Task to carry out:
Only the lines in the entries below from the line with "Gaming Experiences Discovering" to the line with "BROCADE BOTANICAL", both included, belong in the answer, transcribed exactly and without pictures.

══ Entries supplied ══

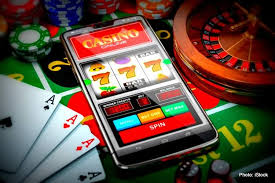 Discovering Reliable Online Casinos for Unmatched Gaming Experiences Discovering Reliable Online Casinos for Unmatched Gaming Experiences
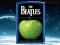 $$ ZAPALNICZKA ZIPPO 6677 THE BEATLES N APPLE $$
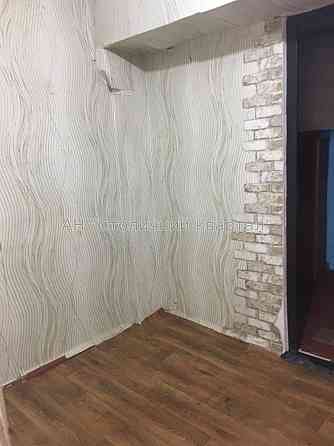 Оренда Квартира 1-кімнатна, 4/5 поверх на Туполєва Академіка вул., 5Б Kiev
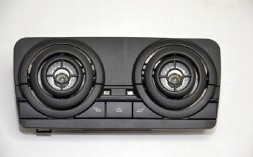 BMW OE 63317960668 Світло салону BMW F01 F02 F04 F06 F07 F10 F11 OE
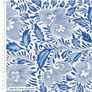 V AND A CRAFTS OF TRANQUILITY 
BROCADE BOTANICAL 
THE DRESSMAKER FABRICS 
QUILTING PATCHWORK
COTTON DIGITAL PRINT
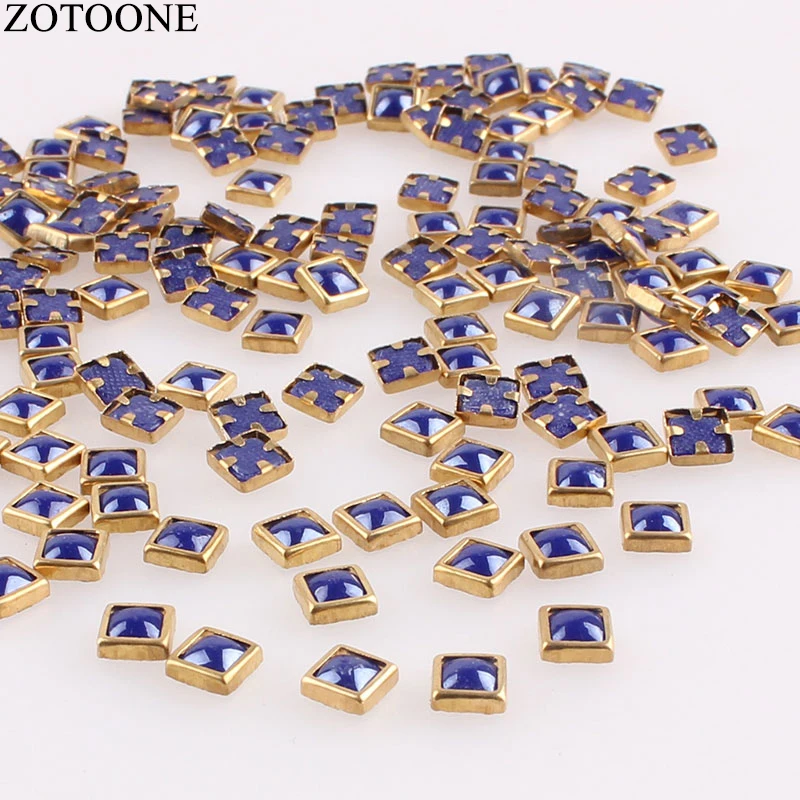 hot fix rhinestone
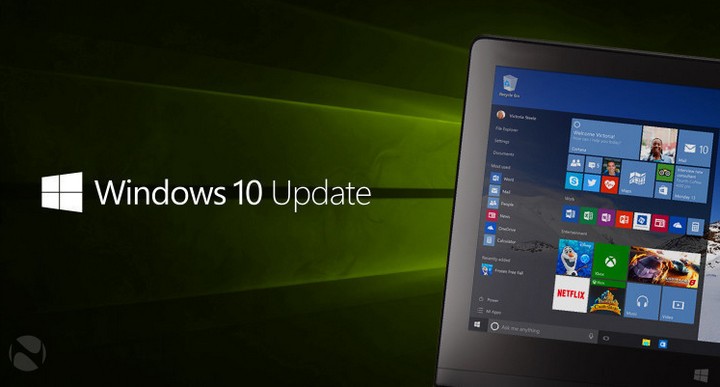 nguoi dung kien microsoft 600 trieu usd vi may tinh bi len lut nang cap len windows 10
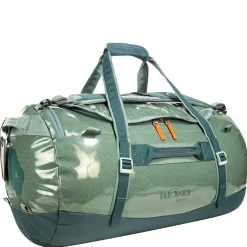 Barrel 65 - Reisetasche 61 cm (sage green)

═══
══ Entries supplied ══

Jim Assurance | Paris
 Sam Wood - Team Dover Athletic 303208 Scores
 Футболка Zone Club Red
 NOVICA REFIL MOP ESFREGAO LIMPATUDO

═══

Response box:
 Discovering Reliable Online Casinos for Unmatched Gaming Experiences Discovering Reliable Online Casinos for Unmatched Gaming Experiences
 $$ ZAPALNICZKA ZIPPO 6677 THE BEATLES N APPLE $$
 Оренда Квартира 1-кімнатна, 4/5 поверх на Туполєва Академіка вул., 5Б Kiev
 BMW OE 63317960668 Світло салону BMW F01 F02 F04 F06 F07 F10 F11 OE
 V AND A CRAFTS OF TRANQUILITY 
BROCADE BOTANICAL 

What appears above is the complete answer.